### TASK DESCRIPTION
Pictures do not belong in the copy. Output exactly the lines from the one containing "Kleiner Leuchtturm am" to the end of the listing below.

### GIVEN DATA
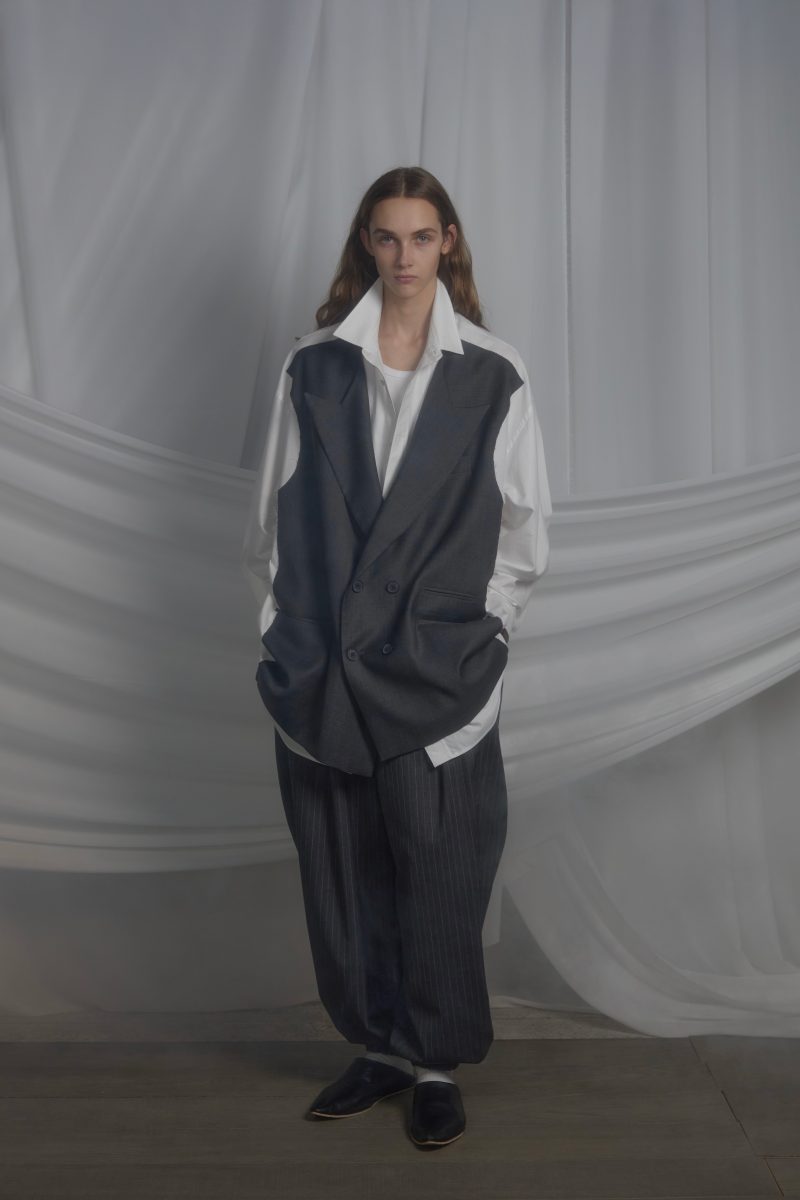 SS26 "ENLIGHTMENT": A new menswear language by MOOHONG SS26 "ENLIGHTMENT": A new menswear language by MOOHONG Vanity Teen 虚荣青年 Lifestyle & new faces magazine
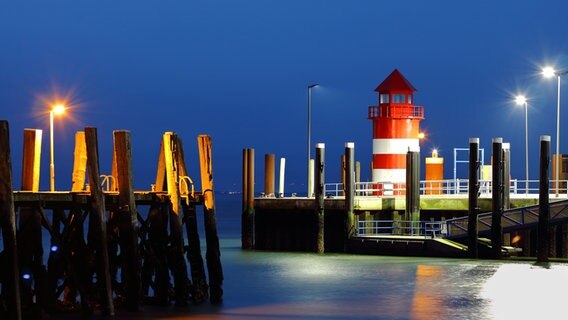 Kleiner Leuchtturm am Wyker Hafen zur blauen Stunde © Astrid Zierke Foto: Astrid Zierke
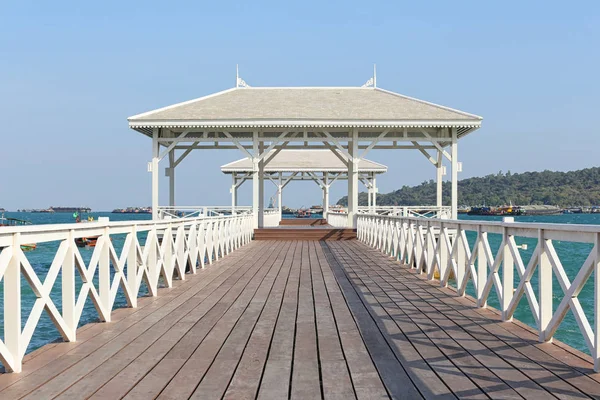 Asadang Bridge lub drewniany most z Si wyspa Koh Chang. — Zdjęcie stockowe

### ANSWER BOX
 Kleiner Leuchtturm am Wyker Hafen zur blauen Stunde © Astrid Zierke Foto: Astrid Zierke
 Asadang Bridge lub drewniany most z Si wyspa Koh Chang. — Zdjęcie stockowe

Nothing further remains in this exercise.